==== SOURCE DATA

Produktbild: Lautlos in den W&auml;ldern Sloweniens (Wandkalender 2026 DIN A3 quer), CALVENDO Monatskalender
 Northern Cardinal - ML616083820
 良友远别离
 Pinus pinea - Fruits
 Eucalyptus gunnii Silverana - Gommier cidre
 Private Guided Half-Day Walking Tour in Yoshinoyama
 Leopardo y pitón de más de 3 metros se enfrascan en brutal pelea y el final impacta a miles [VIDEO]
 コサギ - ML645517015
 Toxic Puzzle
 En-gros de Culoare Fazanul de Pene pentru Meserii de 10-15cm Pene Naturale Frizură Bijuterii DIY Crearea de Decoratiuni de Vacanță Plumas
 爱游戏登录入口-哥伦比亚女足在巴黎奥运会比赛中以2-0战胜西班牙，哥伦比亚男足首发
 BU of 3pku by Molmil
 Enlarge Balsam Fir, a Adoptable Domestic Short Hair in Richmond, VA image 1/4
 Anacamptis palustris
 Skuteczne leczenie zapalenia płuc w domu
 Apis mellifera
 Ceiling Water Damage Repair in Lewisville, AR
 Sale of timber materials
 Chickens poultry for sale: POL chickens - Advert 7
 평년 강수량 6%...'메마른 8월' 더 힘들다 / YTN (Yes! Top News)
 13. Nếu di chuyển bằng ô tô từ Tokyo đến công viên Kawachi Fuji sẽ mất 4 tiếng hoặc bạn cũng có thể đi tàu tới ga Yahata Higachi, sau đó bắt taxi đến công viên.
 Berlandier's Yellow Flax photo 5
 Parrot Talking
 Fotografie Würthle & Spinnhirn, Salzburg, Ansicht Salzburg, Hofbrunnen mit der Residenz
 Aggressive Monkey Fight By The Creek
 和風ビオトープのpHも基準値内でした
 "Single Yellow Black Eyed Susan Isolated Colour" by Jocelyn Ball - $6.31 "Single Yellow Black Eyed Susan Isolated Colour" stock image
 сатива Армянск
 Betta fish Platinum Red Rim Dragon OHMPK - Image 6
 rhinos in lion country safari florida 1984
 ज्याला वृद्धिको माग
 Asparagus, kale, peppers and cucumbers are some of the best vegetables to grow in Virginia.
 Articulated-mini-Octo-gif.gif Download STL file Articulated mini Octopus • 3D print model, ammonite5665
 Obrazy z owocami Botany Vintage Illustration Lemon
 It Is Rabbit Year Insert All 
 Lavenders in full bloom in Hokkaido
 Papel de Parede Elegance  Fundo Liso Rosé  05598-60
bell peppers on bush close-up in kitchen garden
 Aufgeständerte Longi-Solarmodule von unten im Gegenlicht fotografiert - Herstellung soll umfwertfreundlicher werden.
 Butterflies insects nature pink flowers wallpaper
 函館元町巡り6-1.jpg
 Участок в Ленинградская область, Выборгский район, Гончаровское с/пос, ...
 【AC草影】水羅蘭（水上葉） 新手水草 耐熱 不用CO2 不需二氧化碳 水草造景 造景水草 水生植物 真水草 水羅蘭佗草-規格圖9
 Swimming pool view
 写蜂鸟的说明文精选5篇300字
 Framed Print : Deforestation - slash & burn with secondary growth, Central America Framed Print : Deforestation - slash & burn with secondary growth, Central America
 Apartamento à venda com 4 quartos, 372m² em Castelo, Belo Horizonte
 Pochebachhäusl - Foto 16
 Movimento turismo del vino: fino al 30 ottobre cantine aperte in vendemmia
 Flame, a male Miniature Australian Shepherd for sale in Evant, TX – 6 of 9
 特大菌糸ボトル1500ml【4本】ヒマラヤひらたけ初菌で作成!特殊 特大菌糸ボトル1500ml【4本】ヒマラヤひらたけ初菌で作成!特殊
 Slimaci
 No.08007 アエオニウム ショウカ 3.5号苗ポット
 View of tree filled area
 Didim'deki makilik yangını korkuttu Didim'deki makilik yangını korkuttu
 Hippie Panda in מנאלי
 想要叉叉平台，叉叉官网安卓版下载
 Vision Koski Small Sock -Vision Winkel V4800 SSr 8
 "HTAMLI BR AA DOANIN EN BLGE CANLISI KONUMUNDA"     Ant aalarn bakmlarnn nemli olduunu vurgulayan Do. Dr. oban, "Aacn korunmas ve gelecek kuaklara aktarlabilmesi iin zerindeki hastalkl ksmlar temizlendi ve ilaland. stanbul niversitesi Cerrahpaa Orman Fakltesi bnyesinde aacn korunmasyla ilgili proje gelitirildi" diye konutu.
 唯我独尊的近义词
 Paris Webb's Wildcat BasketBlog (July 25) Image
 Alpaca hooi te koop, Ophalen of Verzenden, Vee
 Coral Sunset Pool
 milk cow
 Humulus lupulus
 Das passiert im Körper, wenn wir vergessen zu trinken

========

The required output is the stretch of entries above from the line containing "Central America Framed" through the line containing "Movimento turismo del", reproduced exactly.

 Framed Print : Deforestation - slash & burn with secondary growth, Central America Framed Print : Deforestation - slash & burn with secondary growth, Central America
 Apartamento à venda com 4 quartos, 372m² em Castelo, Belo Horizonte
 Pochebachhäusl - Foto 16
 Movimento turismo del vino: fino al 30 ottobre cantine aperte in vendemmia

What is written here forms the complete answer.